"""
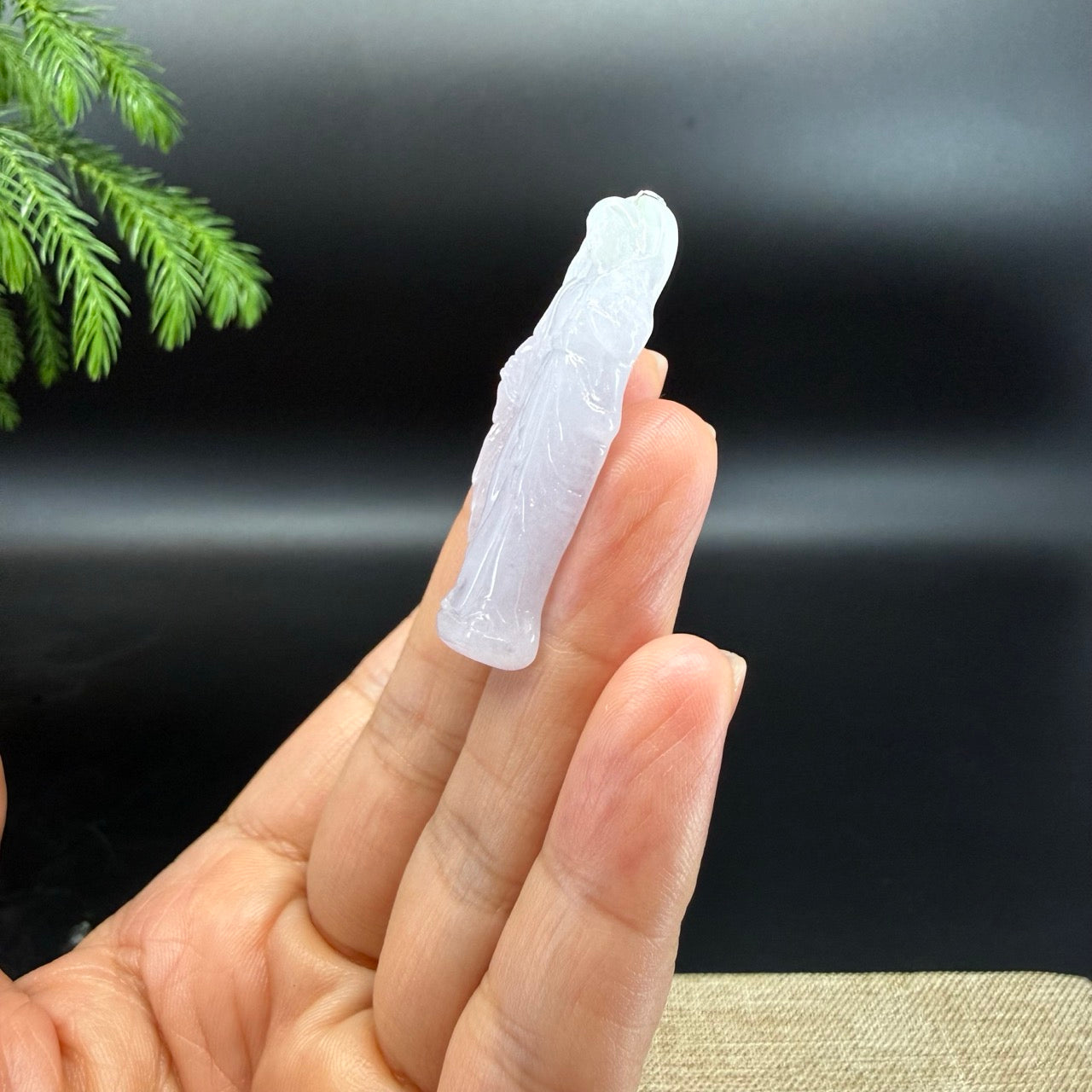 RealJade® Co.Natural Iight Lavender Jadeite Jade Mother Mary Necklace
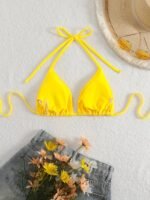 Fashionable And Sexy Double-Sided Nylon Plain Color High Elastic And Comfortable Tie-String Women'S Bikini Top - Image 8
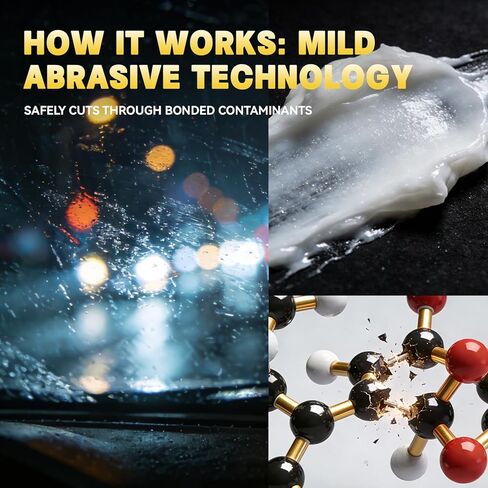 مزيل بقع الماء، ملمع كاشط للزجاج الأمامي للسيارة، الزجاج، الطلاء - يزيل بقع الماء الصعبة، الشحوم، الرواسب المعدنية - آمن على أسطح السيارات، عبوة مزدوجة 100 جرام (2 × 3.5 أونصة) in Kuwait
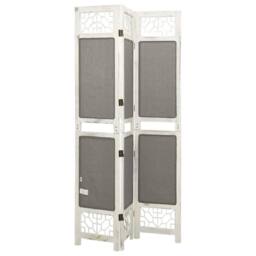 Berkfield Home 3-Panel Room Divider Grey 105x165 cm Fabric - thumbnail 4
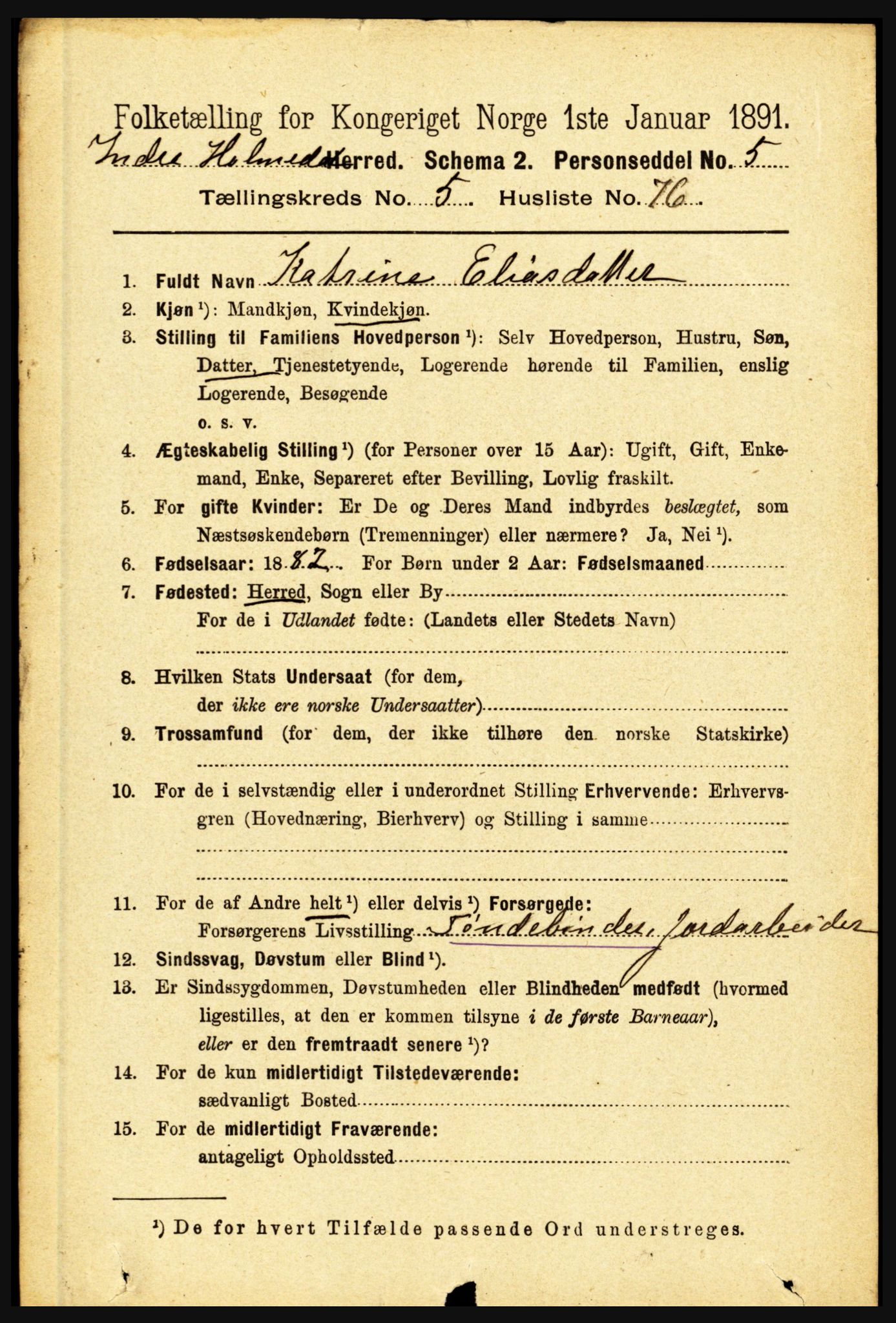 RA, 1891 census for 1430 Indre Holmedal, 1891, p. 2389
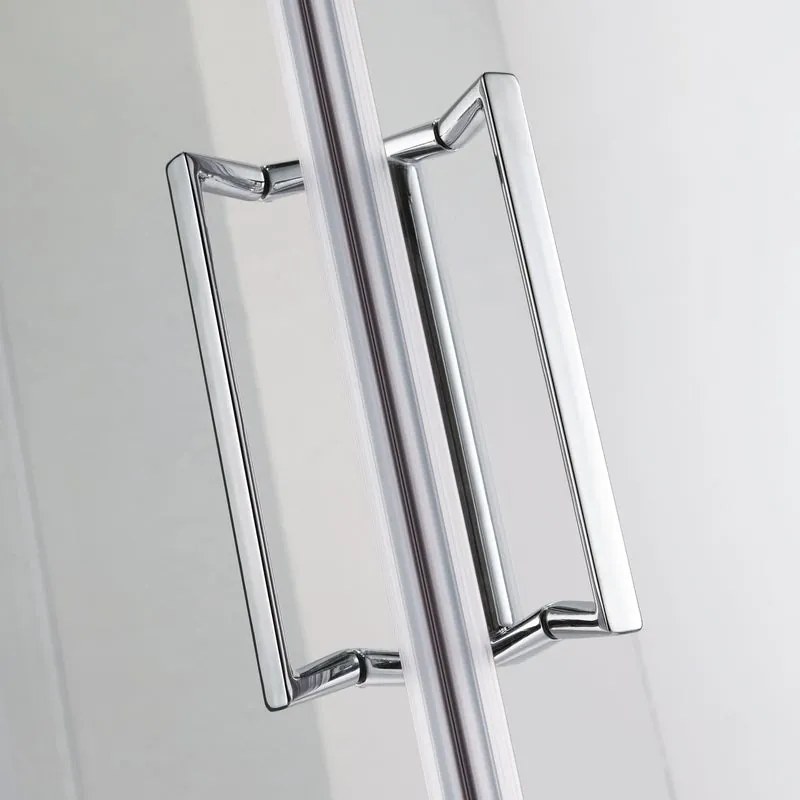 Porta doccia pieghevole Slimline L 80 x H 195cm, Sp. 6 mm in vetro profilo cromo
"""
> [PROBLEM DESCRIPTION] Retype the data above exactly. Do not carry over any images.

> [RESULT]
 RealJade® Co.Natural Iight Lavender Jadeite Jade Mother Mary Necklace
 Fashionable And Sexy Double-Sided Nylon Plain Color High Elastic And Comfortable Tie-String Women'S Bikini Top - Image 8
 مزيل بقع الماء، ملمع كاشط للزجاج الأمامي للسيارة، الزجاج، الطلاء - يزيل بقع الماء الصعبة، الشحوم، الرواسب المعدنية - آمن على أسطح السيارات، عبوة مزدوجة 100 جرام (2 × 3.5 أونصة) in Kuwait
 Berkfield Home 3-Panel Room Divider Grey 105x165 cm Fabric - thumbnail 4
 RA, 1891 census for 1430 Indre Holmedal, 1891, p. 2389
 Porta doccia pieghevole Slimline L 80 x H 195cm, Sp. 6 mm in vetro profilo cromo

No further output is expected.